Extracted material Block Start

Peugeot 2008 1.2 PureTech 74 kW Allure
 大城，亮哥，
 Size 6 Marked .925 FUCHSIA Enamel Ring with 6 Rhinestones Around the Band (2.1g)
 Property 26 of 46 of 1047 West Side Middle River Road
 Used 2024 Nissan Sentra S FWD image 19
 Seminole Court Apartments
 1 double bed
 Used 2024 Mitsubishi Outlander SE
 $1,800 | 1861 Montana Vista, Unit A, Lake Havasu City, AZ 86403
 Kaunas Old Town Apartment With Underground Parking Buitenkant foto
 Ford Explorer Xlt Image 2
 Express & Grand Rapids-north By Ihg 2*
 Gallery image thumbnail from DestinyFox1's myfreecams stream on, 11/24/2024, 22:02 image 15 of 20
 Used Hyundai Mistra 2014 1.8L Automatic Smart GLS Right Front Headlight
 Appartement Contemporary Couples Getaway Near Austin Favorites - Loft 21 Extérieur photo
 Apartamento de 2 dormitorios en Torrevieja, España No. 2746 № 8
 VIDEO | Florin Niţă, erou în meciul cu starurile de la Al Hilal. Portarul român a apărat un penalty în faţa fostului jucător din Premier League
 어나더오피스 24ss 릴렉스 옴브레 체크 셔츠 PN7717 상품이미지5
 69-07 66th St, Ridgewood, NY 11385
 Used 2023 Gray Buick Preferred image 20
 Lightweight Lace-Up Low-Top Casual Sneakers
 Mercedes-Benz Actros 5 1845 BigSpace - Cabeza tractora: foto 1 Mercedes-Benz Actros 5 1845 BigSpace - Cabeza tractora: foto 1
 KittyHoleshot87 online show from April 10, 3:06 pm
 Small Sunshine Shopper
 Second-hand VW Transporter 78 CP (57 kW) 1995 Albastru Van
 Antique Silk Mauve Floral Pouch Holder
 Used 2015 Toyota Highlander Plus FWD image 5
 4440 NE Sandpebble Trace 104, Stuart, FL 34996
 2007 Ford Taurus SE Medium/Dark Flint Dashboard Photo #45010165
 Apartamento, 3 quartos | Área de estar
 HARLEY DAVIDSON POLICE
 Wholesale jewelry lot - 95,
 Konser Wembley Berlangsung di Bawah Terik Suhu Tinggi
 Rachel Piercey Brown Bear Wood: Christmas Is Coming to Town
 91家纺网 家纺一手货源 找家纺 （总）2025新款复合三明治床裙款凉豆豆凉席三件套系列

Extracted material Block End

The required result is a verbatim copy of all the entries.

## Answer to this exercise
Peugeot 2008 1.2 PureTech 74 kW Allure
 大城，亮哥，
 Size 6 Marked .925 FUCHSIA Enamel Ring with 6 Rhinestones Around the Band (2.1g)
 Property 26 of 46 of 1047 West Side Middle River Road
 Used 2024 Nissan Sentra S FWD image 19
 Seminole Court Apartments
 1 double bed
 Used 2024 Mitsubishi Outlander SE
 $1,800 | 1861 Montana Vista, Unit A, Lake Havasu City, AZ 86403
 Kaunas Old Town Apartment With Underground Parking Buitenkant foto
 Ford Explorer Xlt Image 2
 Express & Grand Rapids-north By Ihg 2*
 Gallery image thumbnail from DestinyFox1's myfreecams stream on, 11/24/2024, 22:02 image 15 of 20
 Used Hyundai Mistra 2014 1.8L Automatic Smart GLS Right Front Headlight
 Appartement Contemporary Couples Getaway Near Austin Favorites - Loft 21 Extérieur photo
 Apartamento de 2 dormitorios en Torrevieja, España No. 2746 № 8
 VIDEO | Florin Niţă, erou în meciul cu starurile de la Al Hilal. Portarul român a apărat un penalty în faţa fostului jucător din Premier League
 어나더오피스 24ss 릴렉스 옴브레 체크 셔츠 PN7717 상품이미지5
 69-07 66th St, Ridgewood, NY 11385
 Used 2023 Gray Buick Preferred image 20
 Lightweight Lace-Up Low-Top Casual Sneakers
 Mercedes-Benz Actros 5 1845 BigSpace - Cabeza tractora: foto 1 Mercedes-Benz Actros 5 1845 BigSpace - Cabeza tractora: foto 1
 KittyHoleshot87 online show from April 10, 3:06 pm
 Small Sunshine Shopper
 Second-hand VW Transporter 78 CP (57 kW) 1995 Albastru Van
 Antique Silk Mauve Floral Pouch Holder
 Used 2015 Toyota Highlander Plus FWD image 5
 4440 NE Sandpebble Trace 104, Stuart, FL 34996
 2007 Ford Taurus SE Medium/Dark Flint Dashboard Photo #45010165
 Apartamento, 3 quartos | Área de estar
 HARLEY DAVIDSON POLICE
 Wholesale jewelry lot - 95,
 Konser Wembley Berlangsung di Bawah Terik Suhu Tinggi
 Rachel Piercey Brown Bear Wood: Christmas Is Coming to Town
 91家纺网 家纺一手货源 找家纺 （总）2025新款复合三明治床裙款凉豆豆凉席三件套系列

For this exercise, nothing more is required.